AyeAmarok · 22/11/2016 07:11

A good relationship wouldn't make you feel this way.

You should aim higher for yourself.

Does he pay maintenance?

HardcoreLadyType · 22/11/2016 07:16

I know a man who recently broke up with a lovely girlfriend, because his ex wouldn't let him see their son if she was there. (He didn't leave when she was pregnant - they had lived together for some years as a family.) The girlfriend reasonably wanted more commitment, but because of his difficulties with his ex, he could not give it, because it would mean he would have problems seeing his son.

It was desperately sad for both of them, but, lets face it, your children don't ask to be born, and have to come first. He made the choice to spend time with his son, even if that means being single. Sad, but a choice I respect.

MiniAlphaBravo · 22/11/2016 07:16

Why on earth would you get together with a man who had just left his pregnant girlfriend?! If you do that you need to expect drama and stress and it's almost certainly a very bad idea. Since they are obviously still very involved you may as well walk away and let them play happy families.

VikingVolva · 22/11/2016 07:16

So if he's done so much to be a good daddy, does that include a perfect maintenance payment record (above the minimum the government will enforce through the CMS)?

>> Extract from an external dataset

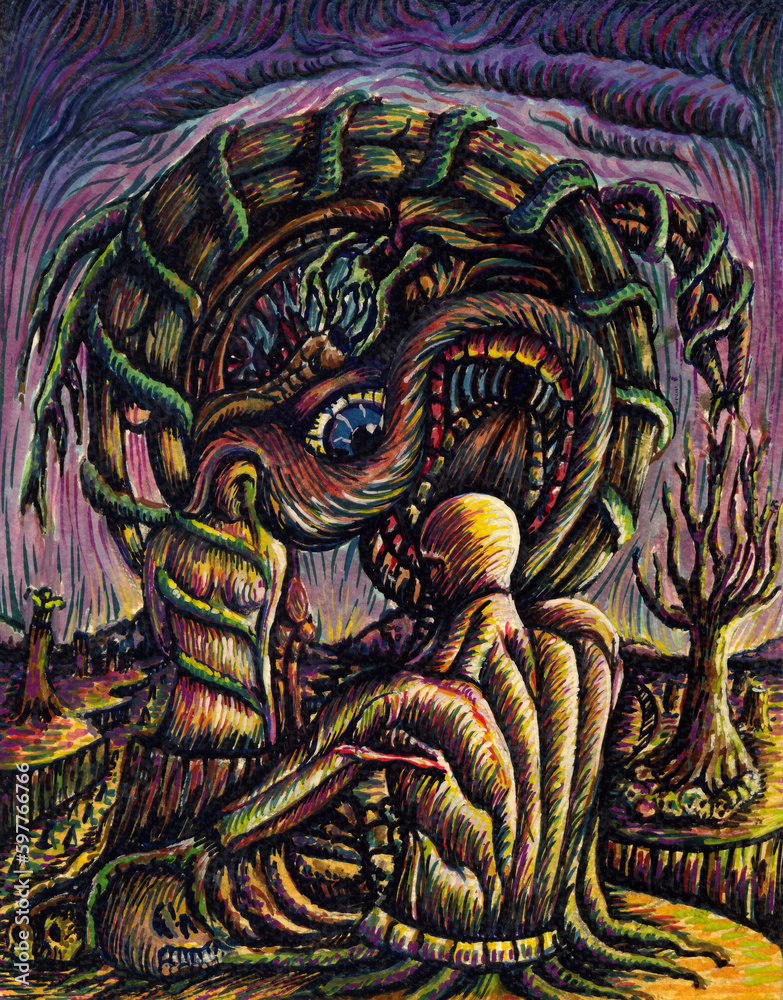 Obraz premium Art surreal power of nature. Hand painting on paper.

And how many times has he been to court to arrange proper contact?

Why has contact been denied, and is he still fighting it?

TheOnlyLivingBoyInNewCross · 22/11/2016 07:25

I actually think the terminology does matter. Because "boy" and "baby mum" and being "disresepcted" make it all sound so twee and unrealistic, as if everyone were characters on a glossy American reality TV show.

But this is a 30 year old woman in a relationship with a man (not a teenage boy) who is in a messy relationship with the mother of his child and everyone seems to be behaving like teenagers.

I feel desperately sorry for the baby who seems a bit lost in all the emotional drama and angst being played out around it.